En Castilla y León se prepara ya una nueva normativa autonómica que, entre otras cosas, considerará a quienes se anuncien en un canal de comercialización como actores sujetos a una actividad económica. Se trata no sólo de sacar a la luz la economía sumergida, sino de regularizar un subsector que produce tensiones en la convivencia de comunidades de vecinos y barrios y, por supuesto, incide en los altos precios del alquiler tradicional y en la propia dificultad al acceso a una vivienda en este régimen.
No somos Baleares, Canarias, Madrid o San Sebastián, pero cierto es que conviene ver lo que sucede a nuestro alrededor para anticipar las mejores soluciones a una realidad que también acabará por extenderse. León, Valladolid y Salamanca son las poblaciones en las que ya despunta su número, aunque de momento no tanto como para que salten todas las alarmas.
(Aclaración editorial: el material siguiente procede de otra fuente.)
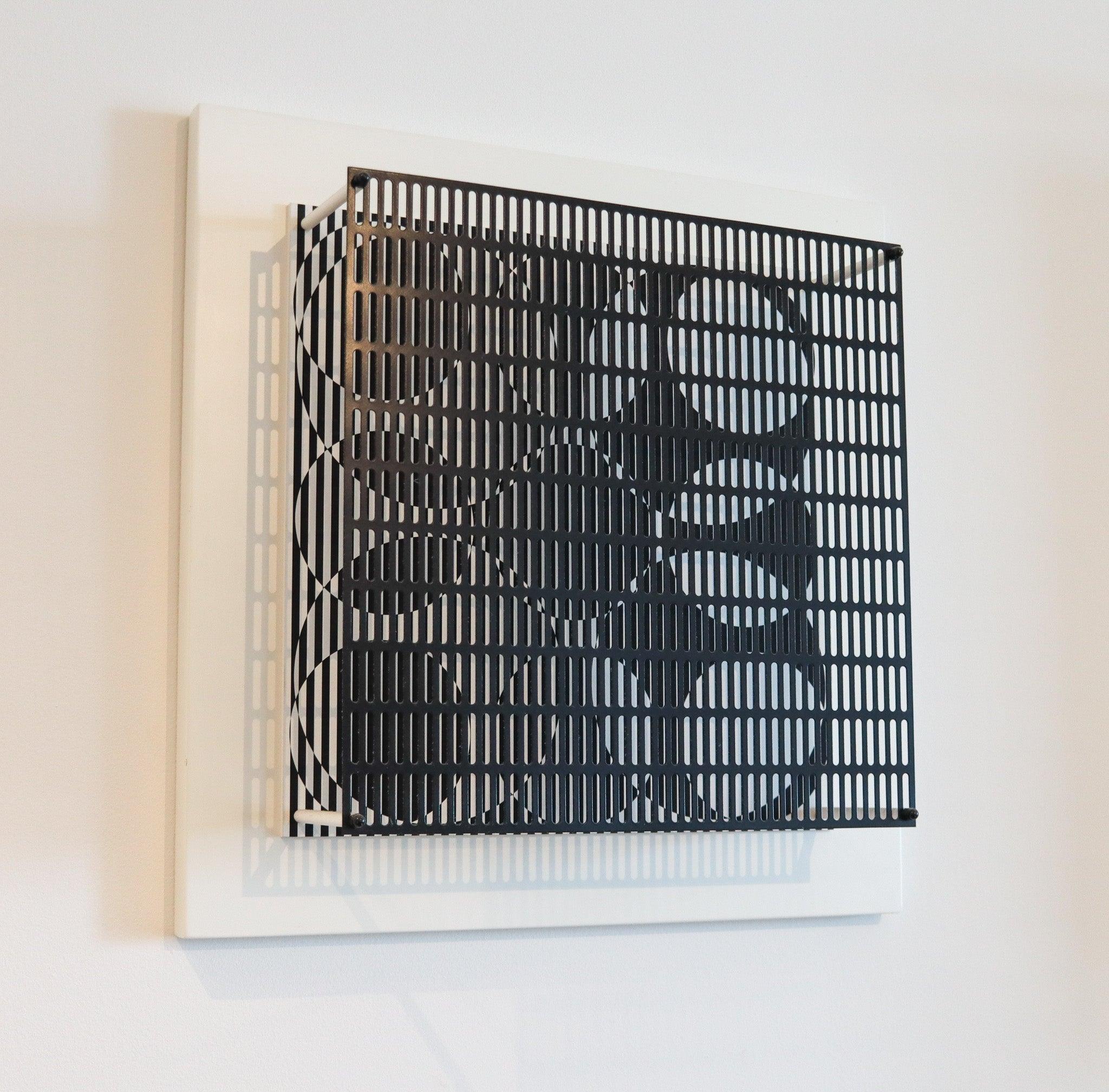 An op-art wall sculpture created by Antonio Asis.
Otra cuestión, y no menor, derivada de esta actividad, la tenemos en el medio rural, donde la apertura y el funcionamiento de casas y posadas rurales cumplen no pocos requisitos, mientras que los apartamentos de uso turístico se escapan a ese férreo control.
En el fondo de todo ello no cabe duda de que está en juego la preservación de un modelo de turismo sostenible y la calidad del turismo que todos queremos. Toca remangarse y contar lealmente con todas las partes implicadas si de verdad se pretende consensuar una regulación justa y equitativa.